Fatah berjalan beriringan dengan wanita selingkuhannya. Oh, bukan lagi selingkuhan, karena sekarang Fatah adalah pria bebas. Mungkin statusnya sudah naik jadi calon istri, tunangan, atau kekasih. Kepala Anisa semakin pening dengan pemikirannya sendiri. Anisa tersenyum getir. Rupanya tidak baik berpura pura kuat di hadapan pasangan itu.
Tapi memang sudah nasib harus bertemu dan saling berhadapan. Tidak ada lagi celah untuk menghindari pertemuan mereka. Anisa menarik nafas dalam mempersiapkan detik detik pertemuan.
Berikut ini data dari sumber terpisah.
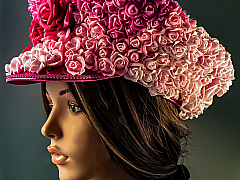 Moxie and Mojo Roses, ToGo Please Hats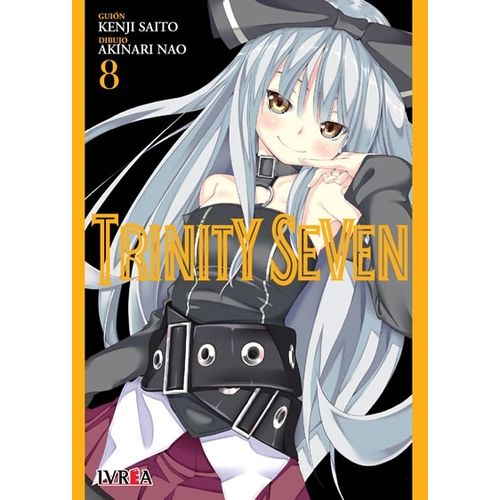 TRINITY SEVEN 8 - KENJI SAITO - AKINARI NAO
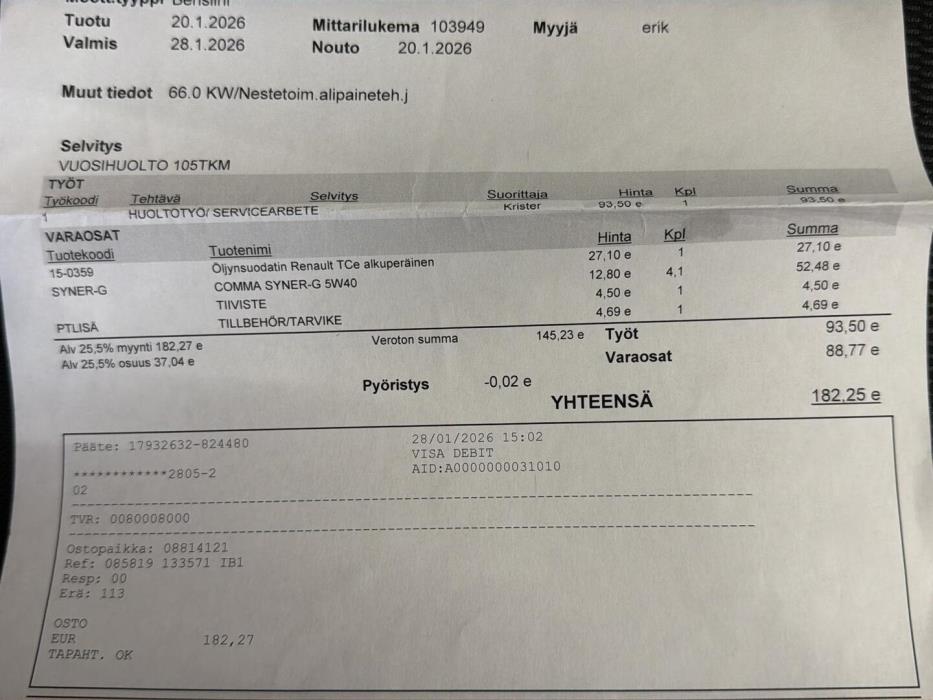 RENAULT Clio 2018
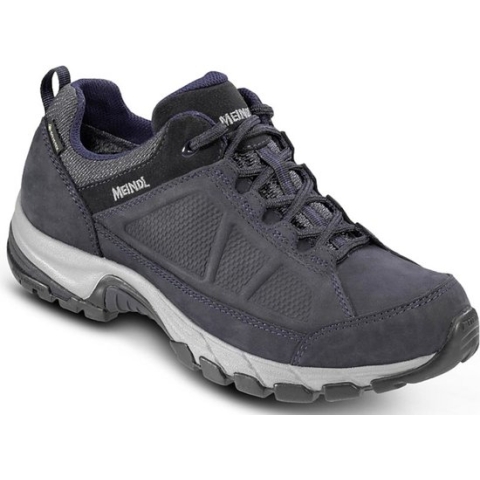 Meindl Orlando Gore-tex Dames Wandelschoenen 5555-49 - Kleur Blauw - Maat 39.5
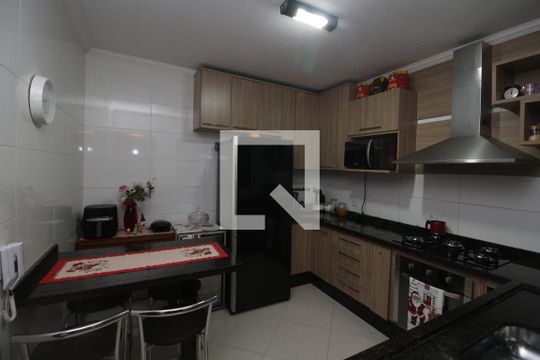 Cozinha de casa de condomínio à venda com 3 quartos, 120m² em Vila Matilde, São Paulo
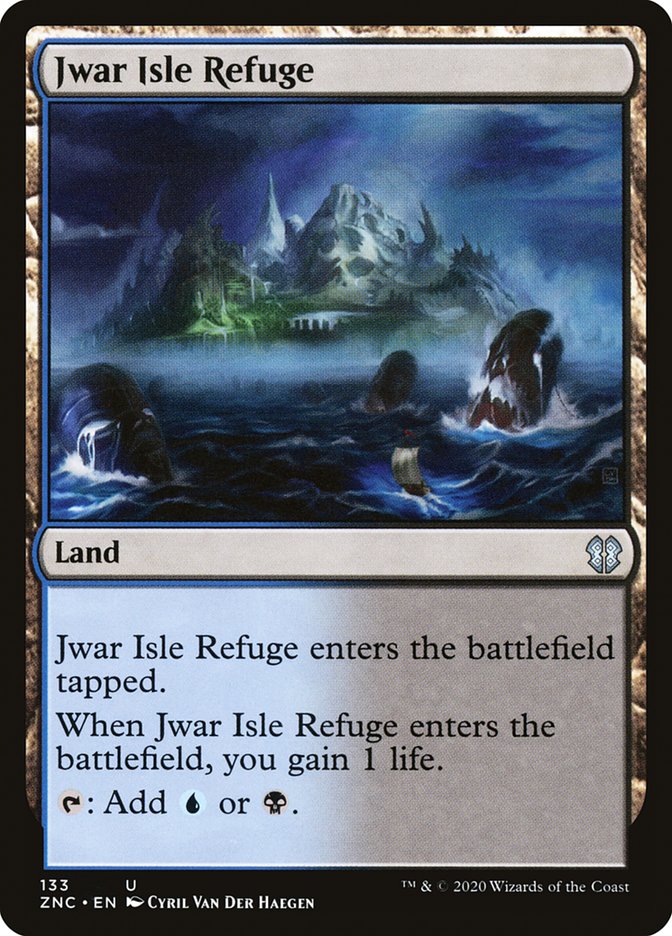 Jwar Isle Refuge [Zendikar Rising Commander] | Card Merchant Takapuna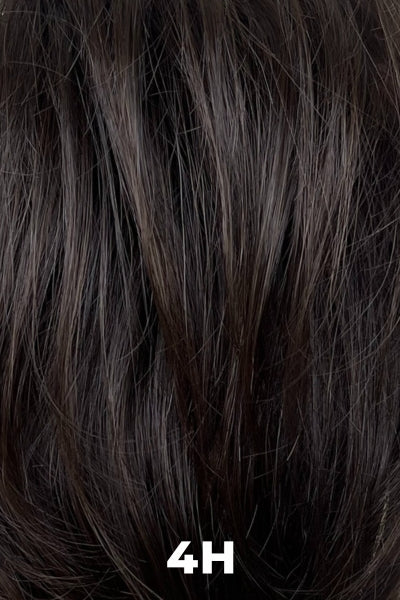 Color Swatch 4H for Henry Margu Wig Renee (#4527). Medium rich dark brown with subtle neutral brown highlights.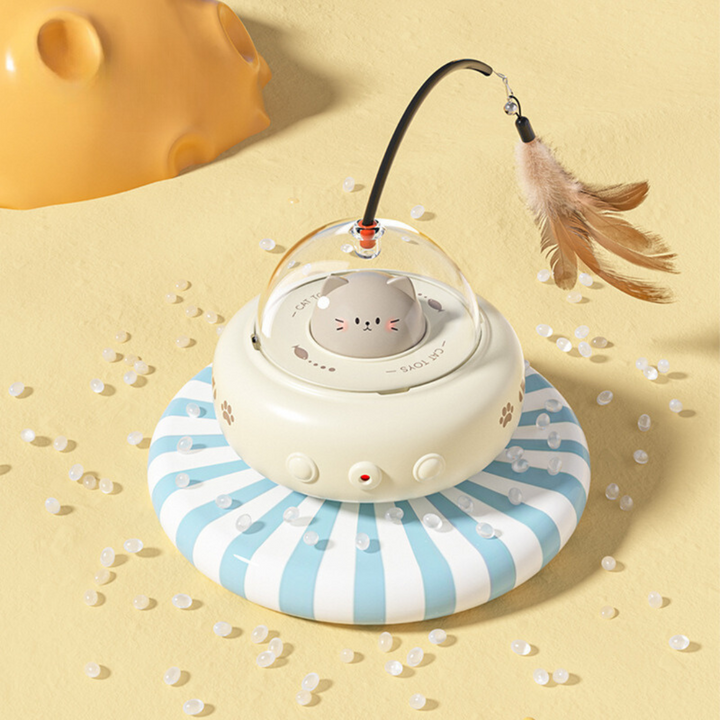 UFO Laser Speelgoed voor Katten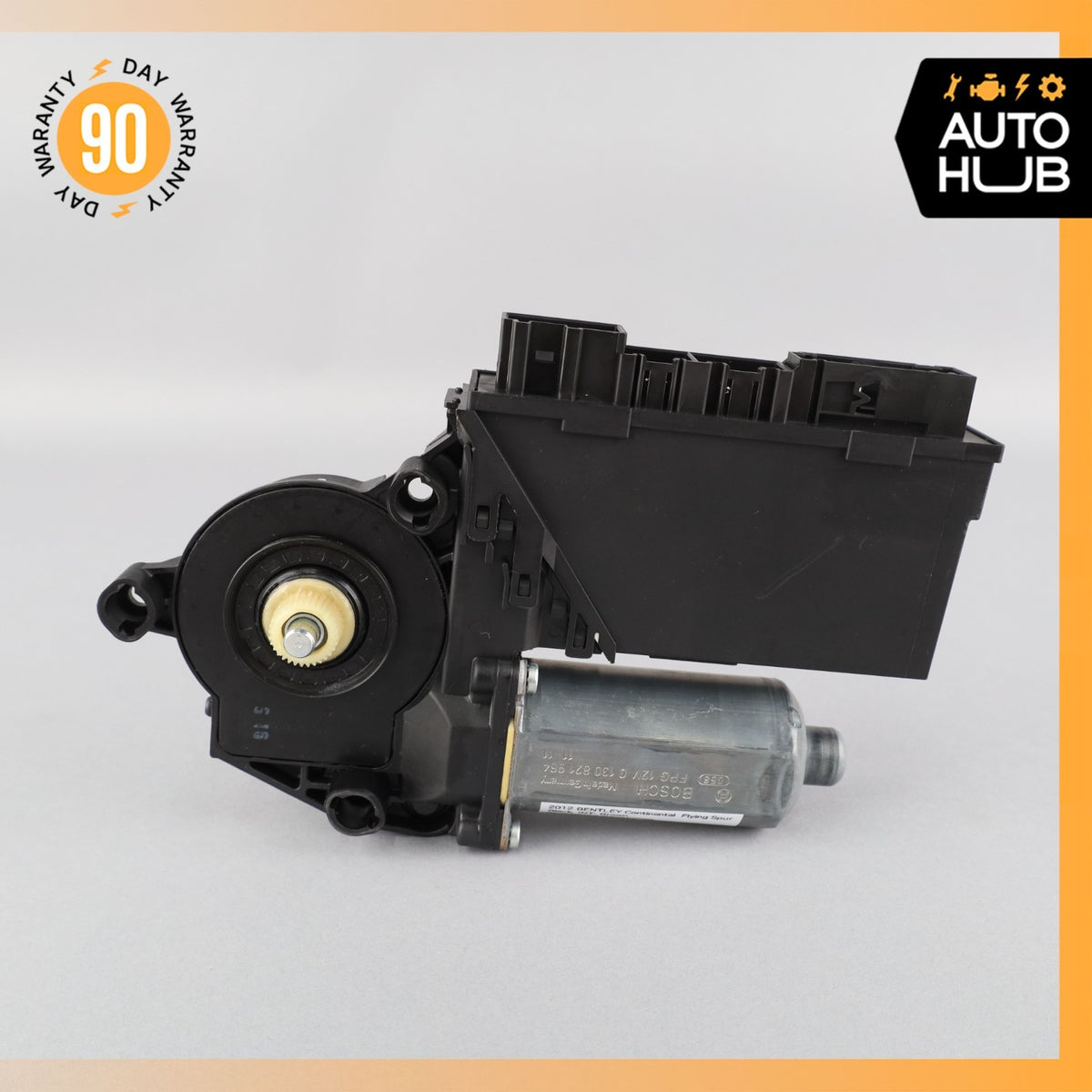 Bentley Continental Flying Spur Rear Right Quarter Window Regulator Motor - photo 4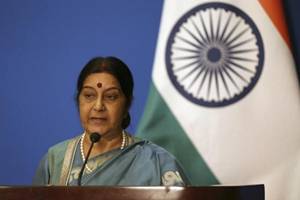 sushma swaraj, pakistan
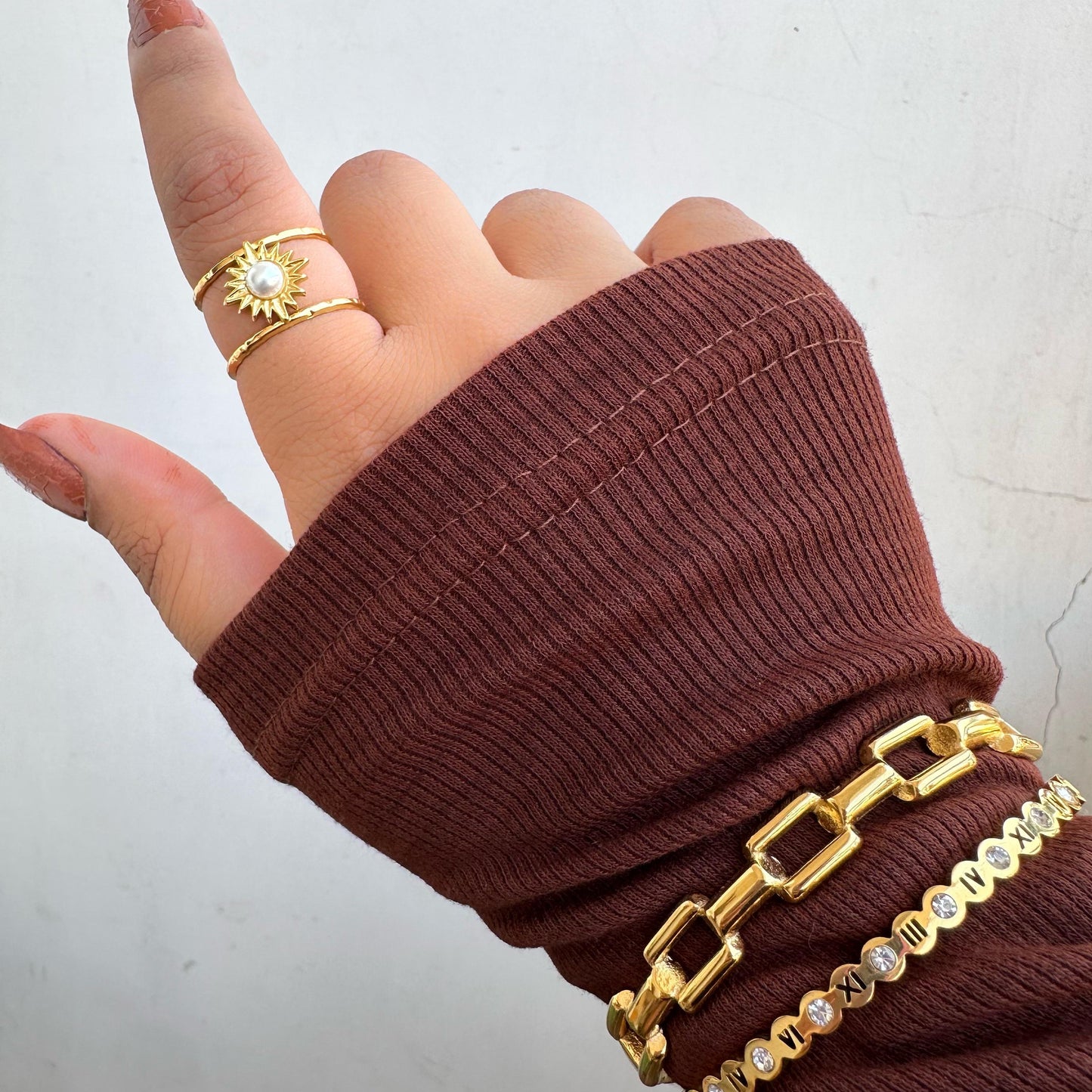 Sunshine For U 18K Ring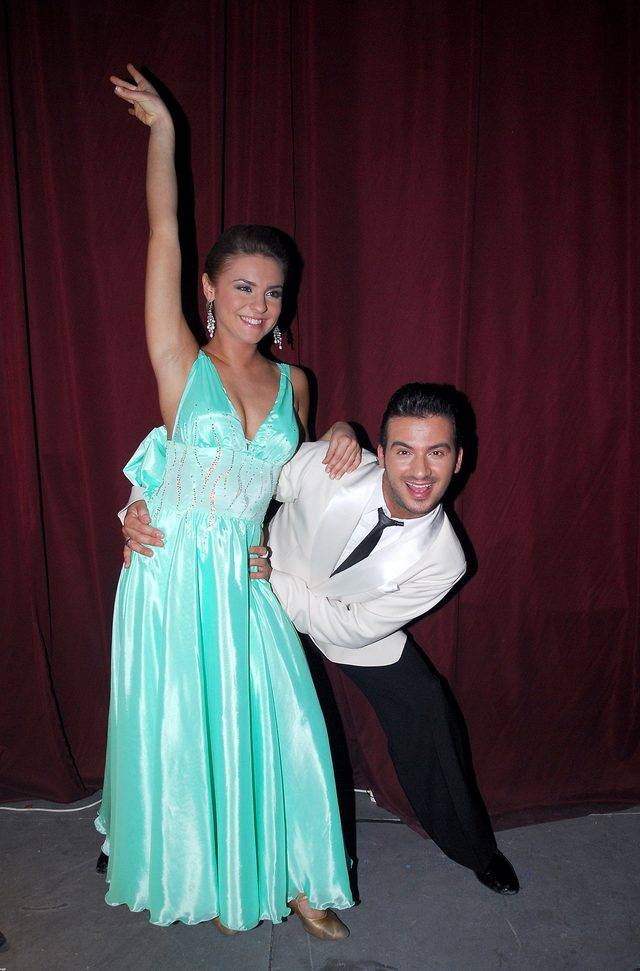 Kasia Tusk w Tańcu z gwiazdami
Fatah sudah di depannya dengan tatapan menyelidik. Memperhatikan Anisa dari atas sampai bawah . Mungkin Fatah sedikit asing dengan penampilan Anisa yang tertutup sekarang.
"Siapa yang sakit Nisa?"
"Tetangga " jawab Anisa yang mencoba tenang. Padahal dadanya penuh gemuruh di sana. Teryata hatinya sakit, saat kembali melihat kemesraan Fatah dan perempuan muda itu.
Fatah mengangguk, kemudian kembali bertanya tentang putrinya.
"Apa Lea tidak pernah menanyakan, ayahnya? Sudah sebulan ini aku tidak menerima telepon dari Alea" tanya Fatah lagi.
"Aku tidak menghalangi, kamu untuk bertemu atau menelepon putrimu. Alea sering bersama ibu. Kamu masih punya nomor ibu, kan?"
"Iya, Nis"
"Aku buru buru, harus pulang" pamit Anisa. Ia sudah tidak tahan melihat Gina yang menggelayut manja di lengan Fatah.
Fatah hanya bisa bergeser memberi jalan untuk Anisa keluar dari loby. Matanya menatap wanita yang telah ia khianati hingga menghilang. Tatapan itu begitu dalam. Entah apa yang di rasakan fatah. Yang pasti wanita di sebelah Fatah terlihat sangat cemburu.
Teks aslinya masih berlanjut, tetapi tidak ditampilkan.